**Working data**

----------------

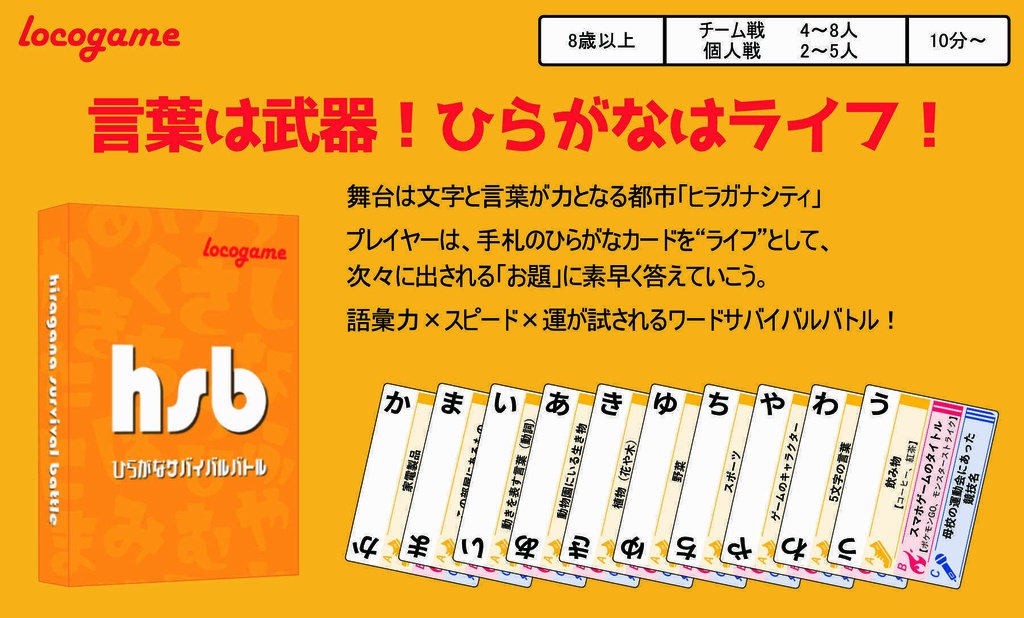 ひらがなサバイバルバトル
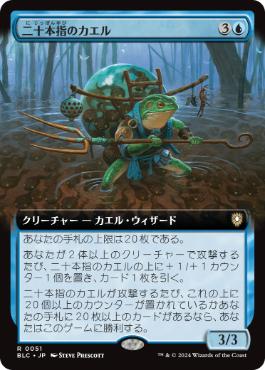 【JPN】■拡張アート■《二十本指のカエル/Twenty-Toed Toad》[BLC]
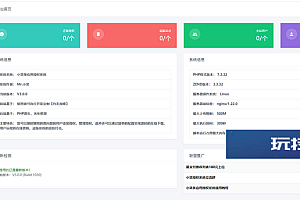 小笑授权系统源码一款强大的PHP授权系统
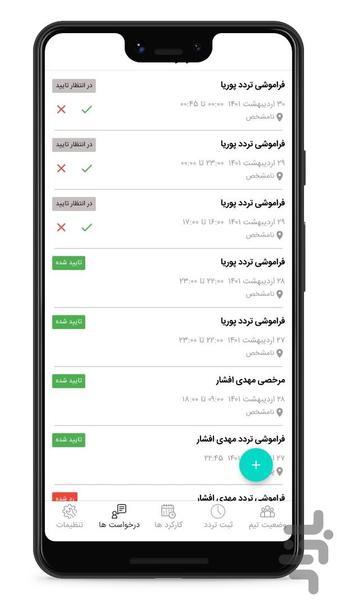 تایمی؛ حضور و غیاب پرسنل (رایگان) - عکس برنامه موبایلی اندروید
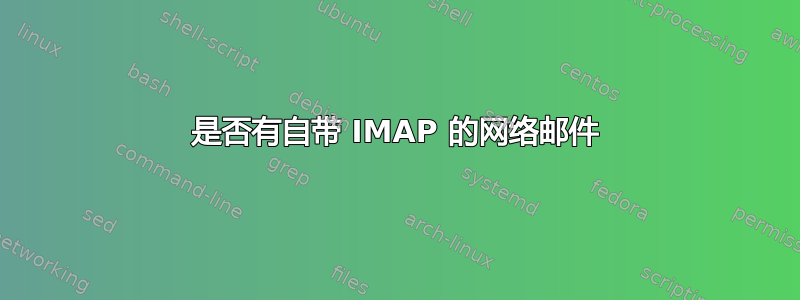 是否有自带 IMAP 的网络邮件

----------------

**Problem to solve**
The lines above must be transcribed exactly, with every picture left out.

**Task answer**
 ひらがなサバイバルバトル
 【JPN】■拡張アート■《二十本指のカエル/Twenty-Toed Toad》[BLC]
 小笑授权系统源码一款强大的PHP授权系统
 تایمی؛ حضور و غیاب پرسنل (رایگان) - عکس برنامه موبایلی اندروید
 是否有自带 IMAP 的网络邮件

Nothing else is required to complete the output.